This piece isn’t about bashing men or how terrible we are, nor is this an opportunity for meto act high and might about my progressive thinking. As I’ve said before, I’m a shameful pawn in this as well; I’ve absorbed hours of this stuff, I’ve lusted, I’ve been aggressive… and angry with women. My itunes is filled with misogyny. I’ve bought into generalized gender roles and fed off of the ideas promoted by music, TV and movies on how to regard women. Yes, I’m more than aware there are exceptions to the rule–there are awful women out there, because there are awful people out there period–and not everything is a man’s fault. This isn’t about blame or individuals, this is about an infrastructure.
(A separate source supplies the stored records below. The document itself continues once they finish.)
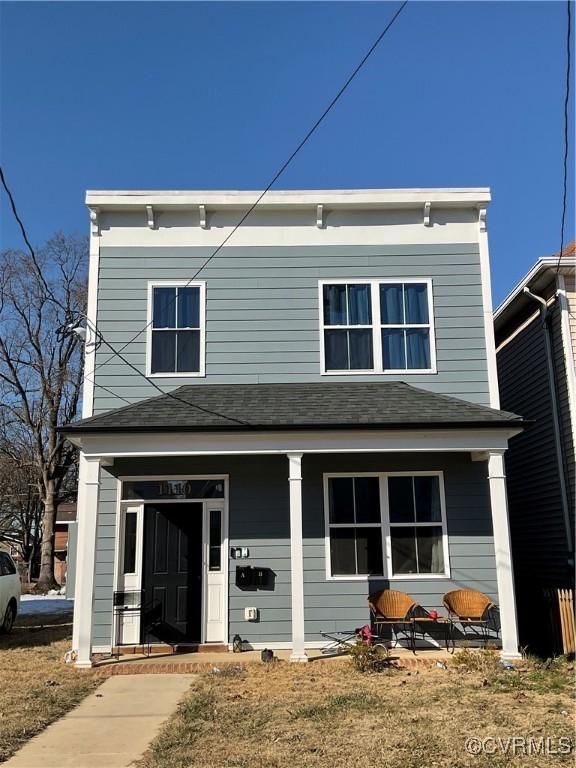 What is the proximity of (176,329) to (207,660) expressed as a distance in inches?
189

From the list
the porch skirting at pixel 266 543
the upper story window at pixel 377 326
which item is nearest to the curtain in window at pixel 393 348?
the upper story window at pixel 377 326

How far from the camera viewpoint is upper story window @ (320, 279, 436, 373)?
10.2m

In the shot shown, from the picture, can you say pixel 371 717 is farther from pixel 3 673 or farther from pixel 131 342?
pixel 131 342

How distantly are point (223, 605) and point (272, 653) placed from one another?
1262 millimetres

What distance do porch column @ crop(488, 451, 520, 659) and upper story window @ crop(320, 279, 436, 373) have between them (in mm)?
2254

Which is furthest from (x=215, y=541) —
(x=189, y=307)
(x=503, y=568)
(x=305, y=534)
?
(x=503, y=568)

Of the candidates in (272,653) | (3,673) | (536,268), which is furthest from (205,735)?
(536,268)

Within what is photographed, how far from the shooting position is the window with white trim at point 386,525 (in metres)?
9.33

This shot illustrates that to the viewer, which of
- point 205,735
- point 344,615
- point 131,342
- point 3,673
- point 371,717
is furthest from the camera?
point 131,342

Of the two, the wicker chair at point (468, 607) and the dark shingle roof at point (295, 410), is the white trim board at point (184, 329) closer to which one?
the dark shingle roof at point (295, 410)

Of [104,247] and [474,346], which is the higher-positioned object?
[104,247]

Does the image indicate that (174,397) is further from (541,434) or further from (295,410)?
(541,434)

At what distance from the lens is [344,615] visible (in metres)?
9.13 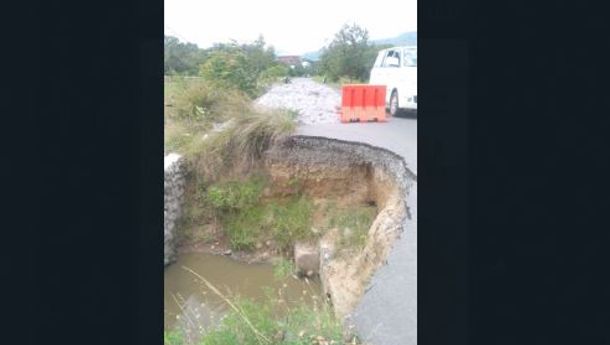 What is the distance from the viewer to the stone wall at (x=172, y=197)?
6695 millimetres

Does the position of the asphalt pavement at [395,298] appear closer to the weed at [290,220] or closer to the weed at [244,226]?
the weed at [290,220]

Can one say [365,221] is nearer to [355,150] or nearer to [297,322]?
[355,150]

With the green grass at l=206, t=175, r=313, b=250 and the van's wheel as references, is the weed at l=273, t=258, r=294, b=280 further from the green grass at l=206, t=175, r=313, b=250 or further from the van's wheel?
the van's wheel

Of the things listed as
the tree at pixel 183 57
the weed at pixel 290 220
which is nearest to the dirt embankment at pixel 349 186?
the weed at pixel 290 220

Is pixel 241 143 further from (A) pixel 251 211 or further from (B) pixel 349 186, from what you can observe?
(B) pixel 349 186

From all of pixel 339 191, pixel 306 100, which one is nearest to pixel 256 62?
pixel 306 100

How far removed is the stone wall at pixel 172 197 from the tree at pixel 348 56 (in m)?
2.57

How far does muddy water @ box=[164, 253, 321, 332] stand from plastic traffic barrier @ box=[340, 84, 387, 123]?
2.35 meters

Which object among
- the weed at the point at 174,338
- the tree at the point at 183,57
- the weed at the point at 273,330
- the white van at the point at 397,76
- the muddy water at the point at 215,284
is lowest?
the muddy water at the point at 215,284

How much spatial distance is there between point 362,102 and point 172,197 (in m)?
2.91

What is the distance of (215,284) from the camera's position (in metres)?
6.32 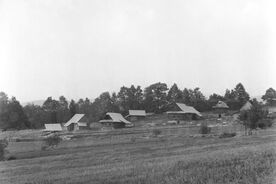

That’s the biggest problem with trying to talk to people about this–about anything really: racism, sexism, ageism, social class, etc.–is that people can’t understand that ideals are built into our society. It’s not enough to say we’re equal because it wasn’t ingrained in us to be so. Mindsets don’t just disappear because you wake up and say “ok everyone equal now.” There are no easy solutions–there never are–but it’s important that we talk about it. I don’t know what it’s like to be a woman and it’s silly for me to try to pretend that I do or that someday I will… my goal is to understand where they’re coming from and just treat them like the human beings they are. This is how I want to be treated as a black male and I’m sure this is how others want to be treated. I’m trying to do better with my issues personally; I hope others are too, especially in rap… because nobody–regardless of race, gender or anything else–deserves second-class treatment.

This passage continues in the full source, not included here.